Many parents almost tear out their hair when trying to work out how to feed a fussy toddler. Many young children go through a stage of refusing to eat certain foods, whether it is something that they haven’t tried before, or a food that they liked yesterday. This leaves their parents worrying that their child won’t be getting enough nutrition or calories. Don’t worry though, they will be fine. If you’re going through the “No! I don’t like that!” stage, here are some tips on how to feed a fussy toddler …
1. Don’t Force Them
When parents are wondering how to feed a fussy toddler, mealtimes can quickly turn into a battle of wills. This won’t work. Trying to force them to eat will simply upset them and stress you. You can’t make a child eat something it doesn’t want to eat. Trying to do so risks putting them off that particular food completely, whereas if you wait and try again another time, they may accept it. Besides, would you like it if someone tried to make you eat something?
2. One Meal for All
Not so long ago, families sat down to eat the same meal together, with no menu choice. However now it seems to be common for each member to eat something different. Thus creates a lot of work for whoever’s cooking (usually Mom), and may encourage children to be fussy. Putting one meal on the table for everyone to eat and removing the element of choice teaches the kids that it’s that or nothing. They may well prefer to eat what they’re given than go hungry!
3. No Need to Panic
If your child is fussy about food, don’t panic. They won’t starve or suffer from malnutrition! Try not to give in and let them exist on junk, but whatever they do eat will almost certainly be giving them the calories that they need. So don’t worry about them going hungry or missing out on energy.
4. No Treats
This is where you have to be Mean Mommy. It’s better that your child eats something, but that should not consist of ice cream and cookies. Be firm on not allowing them to have treats unless they have eaten some good food. This isn’t about “rewarding” them, but rather teaching them that they can’t expect fun foods all the time. Too many cookies, and they won’t want to eat more nutritious meals.
5. Set an Example
It’s not uncommon for fussy adults to learn their eating habits from parents. If their mom was always on a diet, then they may have absorbed the message that certain foods were to be avoided – even healthy ones. Show your kids a good example, and teach them to try a wide variety of foods. They’ll learn to see this as normal, and pick up the message that food is not something to be scared of.

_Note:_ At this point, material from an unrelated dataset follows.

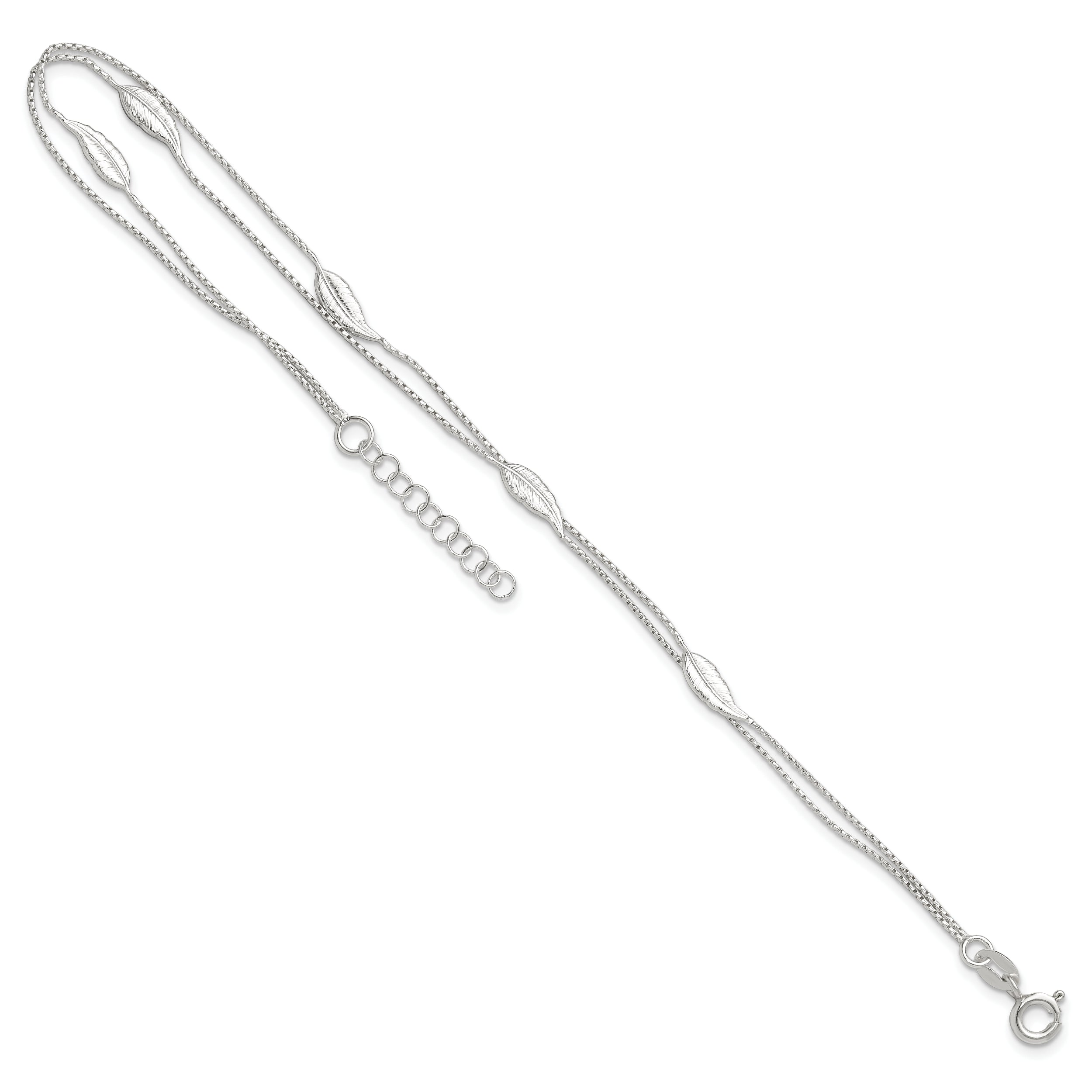 Sterling Silver Polished 2-Strand Feather 9In Plus 1In Ext Anklet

Many parents of a fussy toddler opt for the sneaky but effective method of disguising foods in their meals. A tried and tested form of getting them to eat carrots, for example, is to grate them in a sauce. Lots of vegetables can be hidden like this; when you have a vegetable-hating toddler, try pureeing veggies, or serving them as soup.
Children often change their mind on a daily basis about their likes and dislikes, so may refuse something today that they happily ate yesterday. So it’s worth persisting with a food, even if they say they don’t like it. But don’t make a big deal out of it. Leave it for a while, then quietly reintroduce the same food – you may find that they eat it without fuss.
Dealing with a fussy toddler can be a bit of a nightmare, but try to be relaxed about it. Many grow out of their fussy stage naturally, and you also need to show them that food is not something to get anxious about. Don’t force them to eat something, but also avoid giving in and letting them exist on junk food. How did you deal with a fussy eater, or were you one of those kids that only ate tomatoes and pasta?